The championships, a qualifier for the 2020 Tokyo Paralympics, had been scheduled for Kuching between July 29 and August 4.
The IPC said a new venue would be sought for the same dates, although there might have to be some flexibility in the light of circumstances.
"All World Championships must be open to all eligible athletes and nations to compete safely and free from discrimination," said IPC president Andrew Parsons in a statement after a meeting of the IPC governing board in London.
"When a host country excludes athletes from a particular nation, for political reasons, then we have absolutely no alternative but to look for a new Championships host."
Malaysia, a majority-Muslim country that does not maintain diplomatic relations with Israel, announced this month that it would bar Israelis from any event held in the Southeast Asia nation.
Israel had condemned the ban as 'shameful' and said the decision was inspired by Prime Minister Mahathir Mohamad's "rabid anti-Semitism".
Mahathir, 93, has for decades been accused of anti-Semitism for his attacks against Jews.

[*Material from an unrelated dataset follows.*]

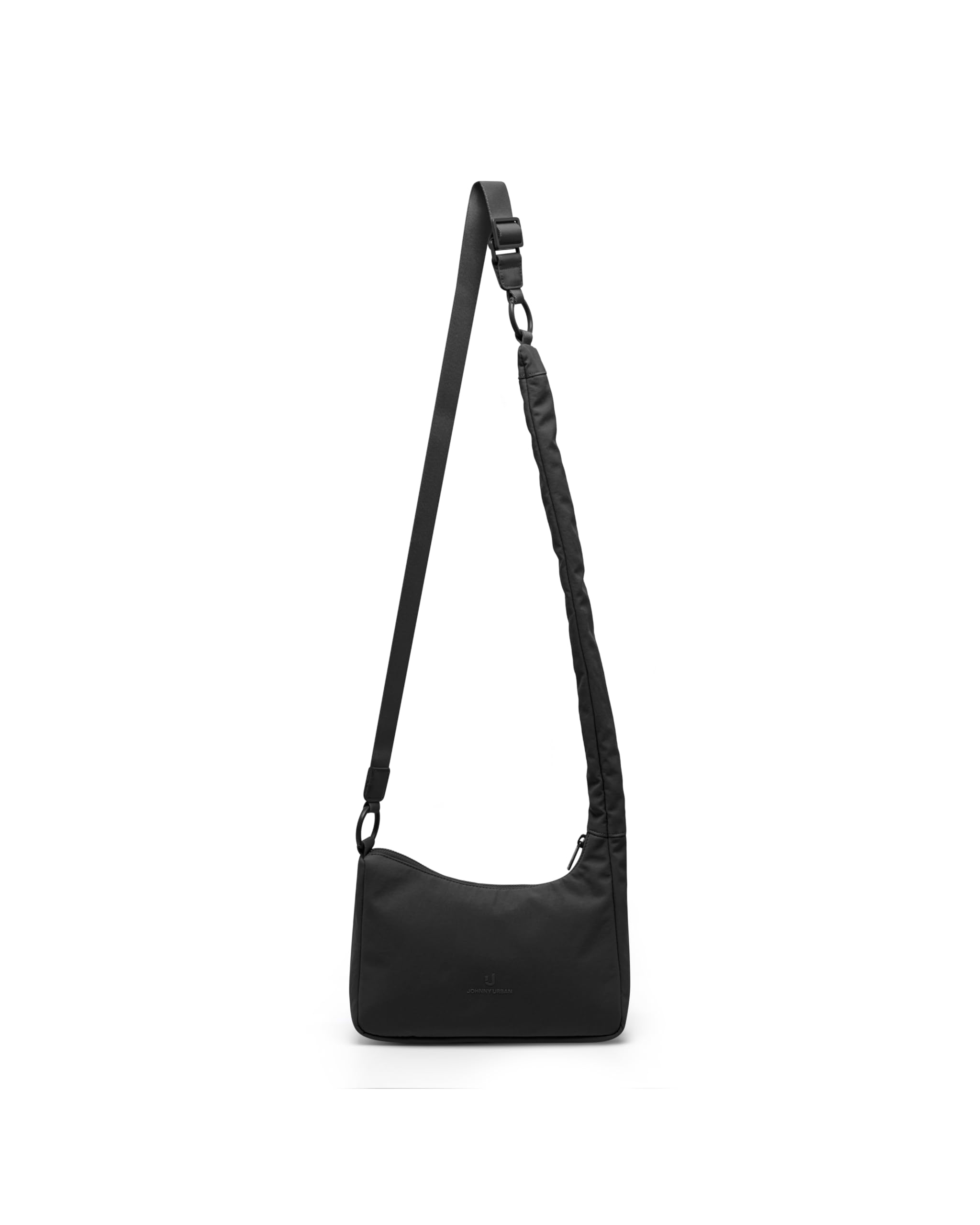 Johnny Urban Bolso de Mano Pequeño para Mujer - Isa - Bolso de Hombro y Bandolera en uno - Bolsito para Tiempo libre y Fiestas - Puffy Crossbody Bag de Nailon y Poliéster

In a BBC interview last October, he described Jews as "hook-nosed" and blamed them for the troubles in the Middle East.
Some 600 swimmers from 60 countries had been expected to compete in the championships in the eastern state of Sarawak, with more than 160 titles to be won.
The IPC said all potential replacement hosts were asked to express an interest by February 11.
"The Paralympic Movement has, and always will be, motivated by a desire to drive inclusion, not exclusion," said Parsons in the statement, adding:
Regardless of the countries involved in this matter, the IPC would take the same decision again if it was to face a similar situation involving different countries.
He said that when Malaysia was awarded the championships in 2017, the IPC had been given assurances that all eligible athletes and countries would be allowed to participate with their safety assured.
"Since then, there has been a change of political leadership and the new Malaysian government has different ideas," said Parsons.
"Politics and sport are never a good mix and we are disappointed that Israeli athletes would not have been allowed to compete in Malaysia."